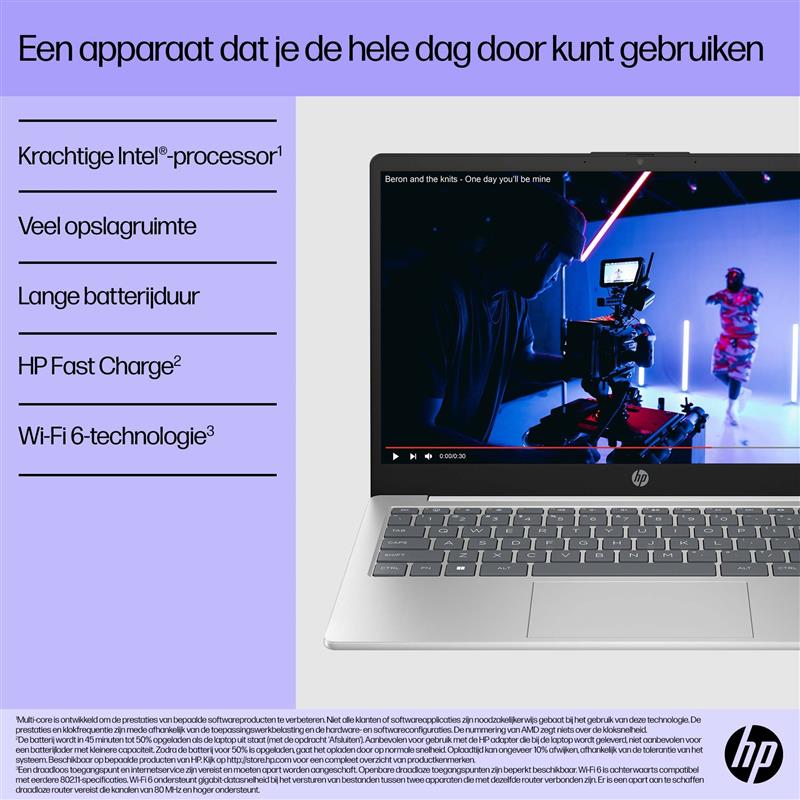 HP Laptop 14-ep0090nd QWERTY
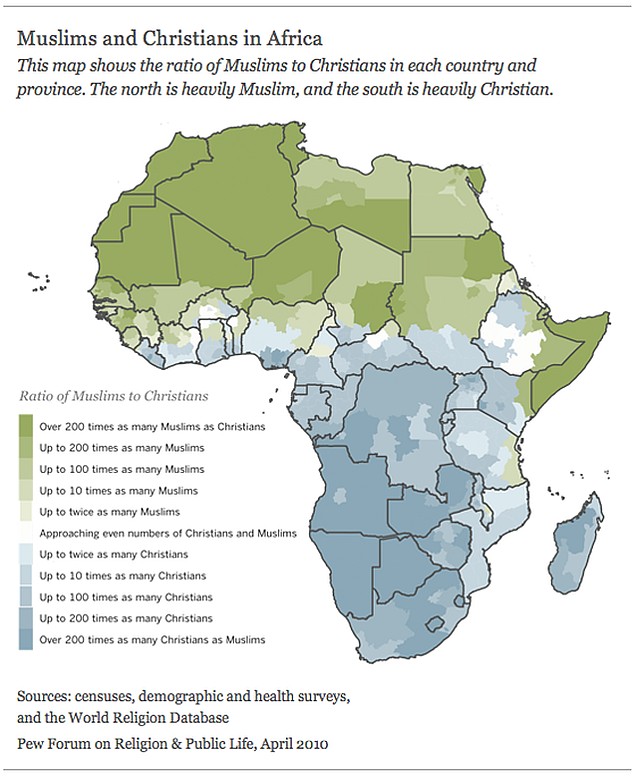 Religie w Afryce: chrześcijanie i muzułmanie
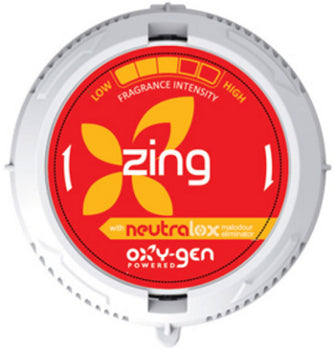 Wkład odświeżacza Viva E! Zing 60 dni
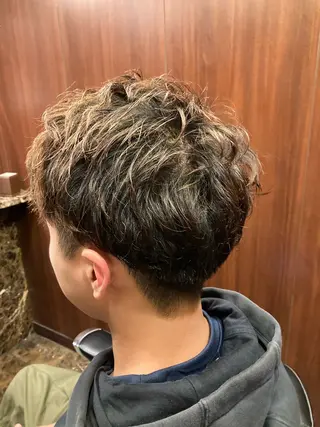 ショート メンズ 野澤 有輝のヘアスタイル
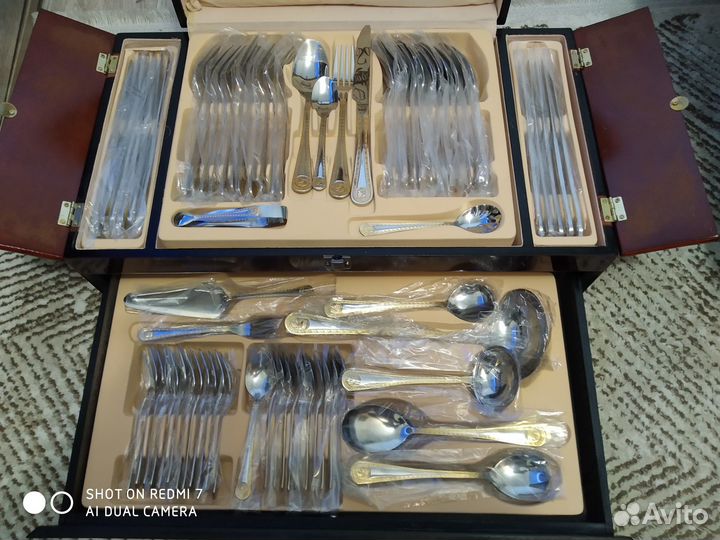 Столовый набор Royal Salute 72 предмета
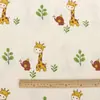 Baberos de Algodón Crepé Estampado de Doble Capa al por Mayor para Bebé, Transpirables y Cómodos, Tejido Crepé para Ropa de Maternidad de Algodón Lavado
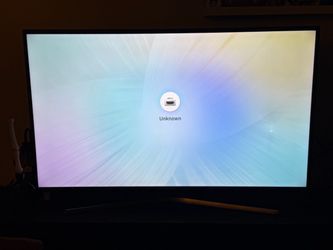 Samsung 49” Smart TV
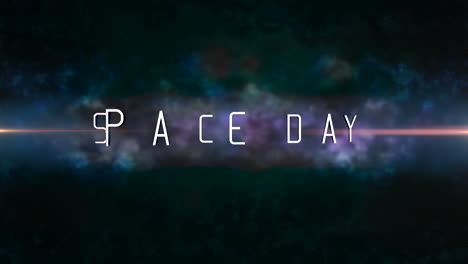 Space-Day-with-red-light-of-stars-and-mystical-clouds-in-dark-galaxy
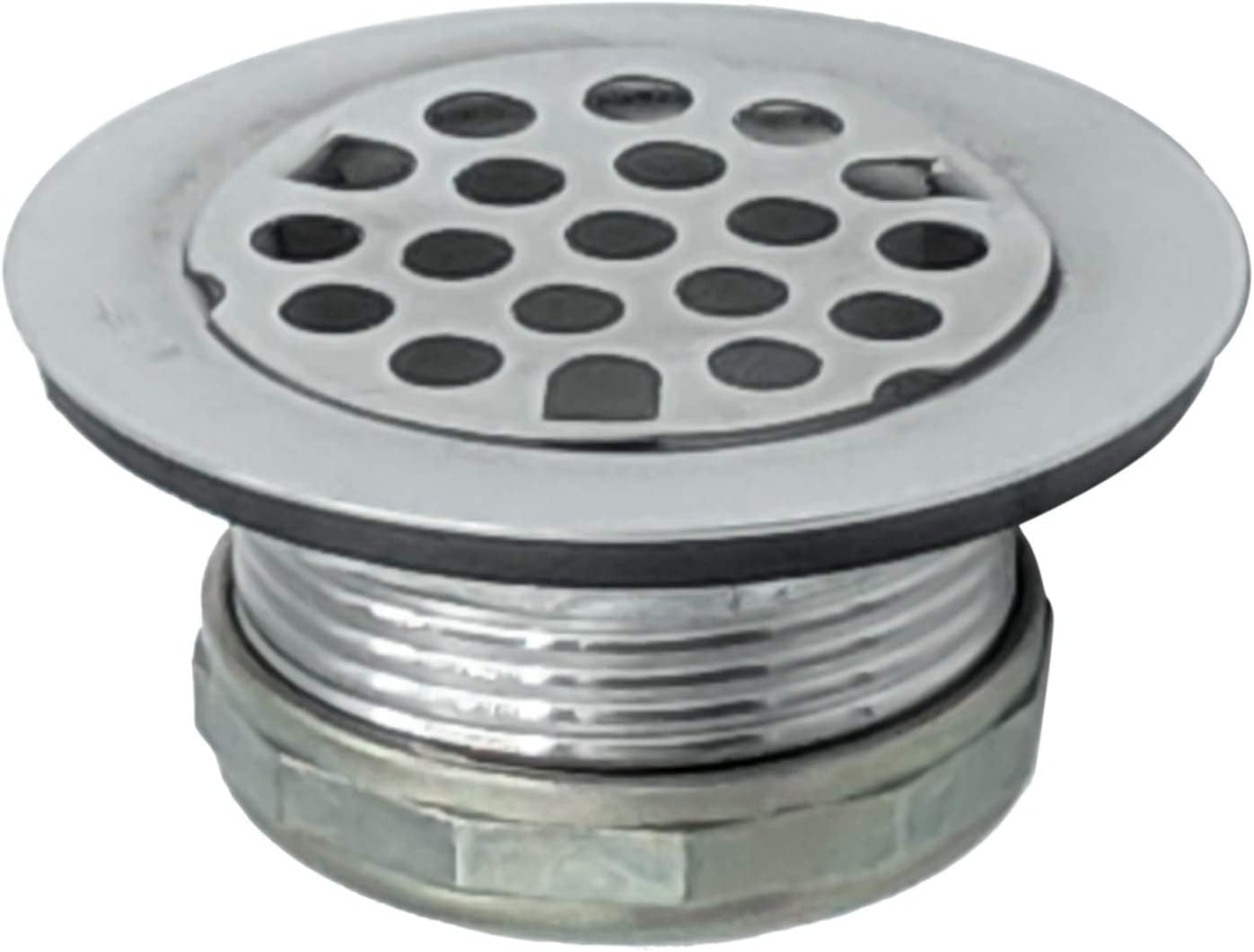 Silver Stainless Steel Rust Resistant Basket Strainer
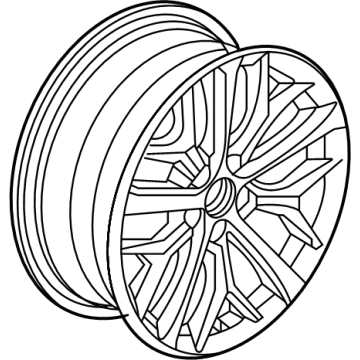 Honda 42700-T20-A42 W-DISK (18X8J)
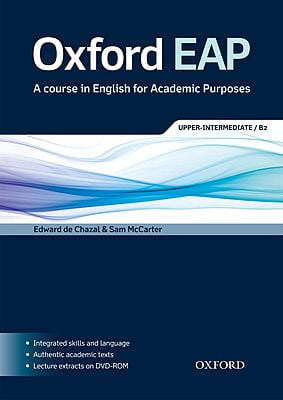 Oxford EAP (1ed) - Student Book - Upper-Intermediate + DVD-ROM
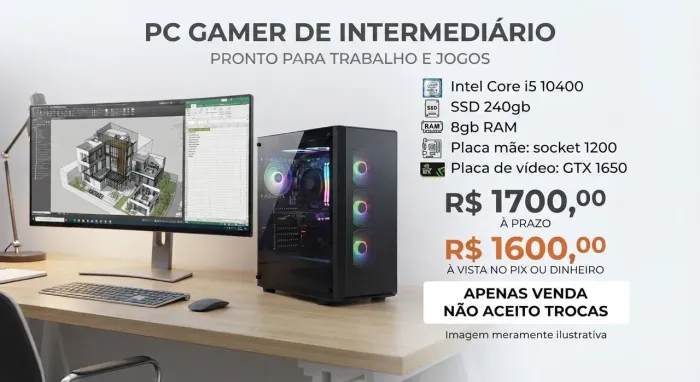 PC GAMER INTERMEDIÁRIO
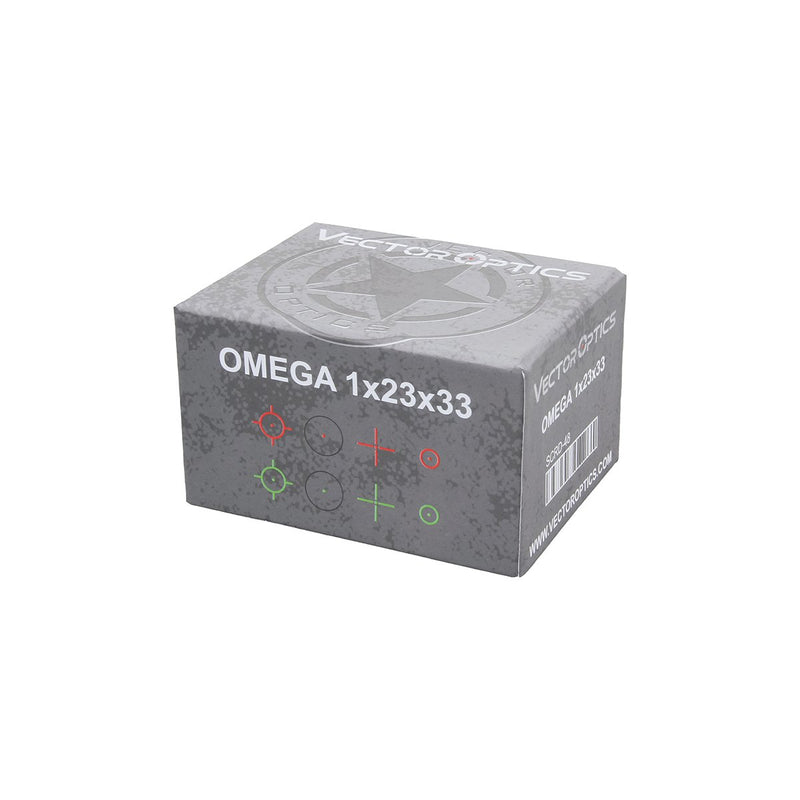 Load image into Gallery viewer, Omega 23x35 Four Reticle - Vector Optics Online Store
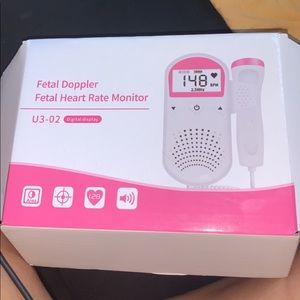 baby doppler hear beat monitor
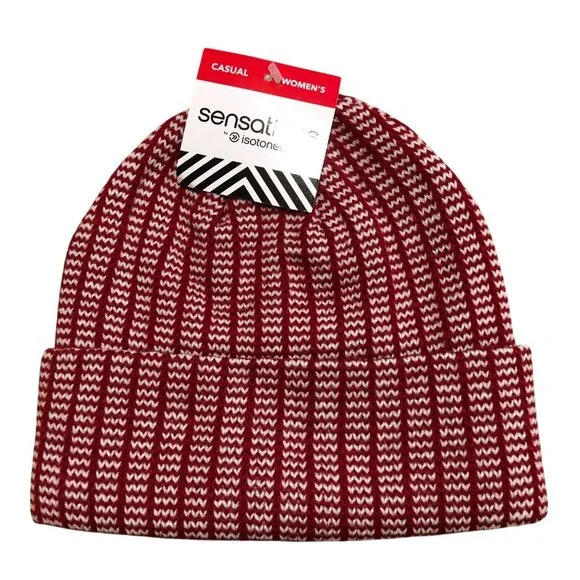 Isotoner womens beanie hat 1sz‎ NWT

---------------

- [Task goal]
"Oxford EAP (1ed)" marks the first line to be returned; return exactly that line and every line after it through the last line of the listing, omitting pictures.

- [Exercise result]
 Oxford EAP (1ed) - Student Book - Upper-Intermediate + DVD-ROM
 PC GAMER INTERMEDIÁRIO
 Load image into Gallery viewer, Omega 23x35 Four Reticle - Vector Optics Online Store
 baby doppler hear beat monitor
 Isotoner womens beanie hat 1sz‎ NWT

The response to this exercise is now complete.